Play It As It Lays: A Novel
If you're looking for a pick me up, I might recommend watching It's A Wodnerful Life.  What I would not do, is hand you a copy of Play it as it Lays, my 26th book from Time Magazine's list of 100 great English novels.  Simply put, this story was a downer.  The story was depressing, the characters were depressing, the settings were depressing; it was like watching a car wreck, in the rain, while being hungover.

The story follows Maria, a B-List actress whose life seems to be in tatters.  She's divorced, currently separated from her second husband, isn't working, drinks too much, has a child she can't see and hangs around with shallow Hollywood types.  The book alternates between a remote desert village where her estranged husband is shooting a movie and her LA home, where she lives alone and doesn't have any friends.  She spends her days killing time mostly, seeing people who would claim to be her friends, but who in reality would turn their back on her in a second if it would benefit them.  The story includes such heart warming moments are Maria getting an abortion in a hotel room (they were still illegal when this book was written) and holding one of her 'friends' hands as he kills himself with an injection. Oh, and she was also date raped and arrested for stealing a car.  Sounds like the sequel to "Love, Actually."  Merry Christmas!

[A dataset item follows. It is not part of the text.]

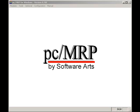Welcome to PCMRP's video tutorial series. The purpose of this video is to demonstrate PCMRP's receiving module.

Not only is it depressing, it's also a very odd book. By that, I don't mean the story, which despite being depressing isn't anything outlandish, but rather the way it was written. It was like The Da Vinci Code, as it was only 200 pages long, but had 85 chapters, the majority of which were only one or two pages. Some aren't even half a page, and a couple were only one or two sentences. But despite being a little odd, it was well written, the story was interesting and I suppose from a literary standpoint, I enjoyed the book; it was strangely hypnotic and I couldn't stop reading.  I'm not sure if I was pulled in by the story or the characters or simply because I thought something had to go right for Maria at some point, but I basically read this book straight through, save a break for turkey dinner.  When all was said and done, I read this book in a little over four hours, making it the second fastest book after The Lion, the Witch and the Wardrobe.  I wonder if part of the speed can be attributed to the short chapters, where I'd find myself saying, 'I'll read one more chapter, because it's only two pages long.'  Before I'd know it, I'd have read ten more chapters before claiming again, 'just one more chapter.'

My next book, which I'm about a third of the way through, is The Berlin Stories by Christopher Isherwood.  I'm not sure where the story is going, but it is set in inter-war Berlin, which should be right up my alley.  And so far it isn't in the style of Virginia Wolf or William Faulkner, so I should be safe there.